NCRI

Iran regime still blocking ‘tens of thousands’ of websites, study finds

internet-cafe

internet-cafe

internet-cafe

Iran continues to block tens of thousands of websites, especially international news sources and those involving opposition to the regime, ethnic and religious minorities and human rights groups, a new study has found.

The regime also has a complete block on Western social media, including Facebook, YouTube, Twitter, and Flickr.

The findings come in a new ‘Freedom of the Net 2014’ report that surveys 65 governments and their policies regarding the filtering or censoring of online content.

It also looks at the types of electronic surveillance they conduct and how they punish citizens whose online activities they disapprove of.

In reference to Iran, the report said: “The Iranian authorities continued to restrict access to tens of thousands of websites in 2014, particularly those of international news sources, the opposition, ethnic and religious minorities, and human rights groups.

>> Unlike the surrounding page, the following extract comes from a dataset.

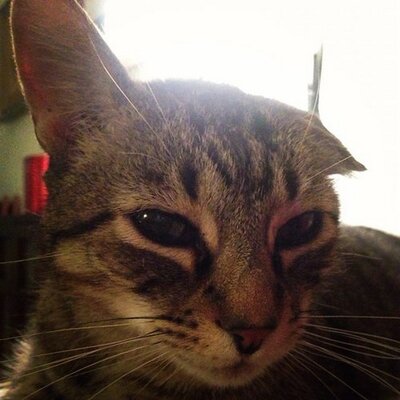 Profile Picture of Bea Rodríguez (@bearodriperez) on Twitter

“According to a member of the Committee to Determine Instances of the Criminal Contents (CDICC), an average of 1,500 websites with content considered anti-Islamic are filtered every month.”

The report said that the “censorship remains stable” despite “raised expectations that Rouhani would ease restrictions on online speech.”

A CDICC member had described Facebook as ‘a project of the CIA in an attempt to collect data from individuals around the world’, and branded founder Mark Zuckerberg ‘a leading Zionist’, the report said.

The Iranian government had also blocked access to two of Iran’s most popular instant messaging and communication services – WeChat and Viber. Cryptocat, a tool popular with human rights activists and journalists that allows secure and encrypted chat, was also blocked, showing that the regime is panicked by communication channels it cannot monitor, the study added.

It said: “The Iranian authorities employ a centralized filtering system that can effectively block a website within a few hours across the entire network in Iran.

“Private ISPs are forced to either use the bandwidth provided by the government or route traffic containing site-visit requests through government-issued filtering boxes developed by software companies inside Iran. The filtering boxes search for banned text strings—either keywords or domain names—in the URL requests submitted by users, and block access accordingly.

“The Iranian government has intensified its fight against the use of circumvention tools. The use of such tools is considered to be illegal, although many ignore this. According to the most recent statistics, 45 percent of Iranian users utilize VPNs to bypass censorship, and 41 percent use other circumvention methods to access blocked content.”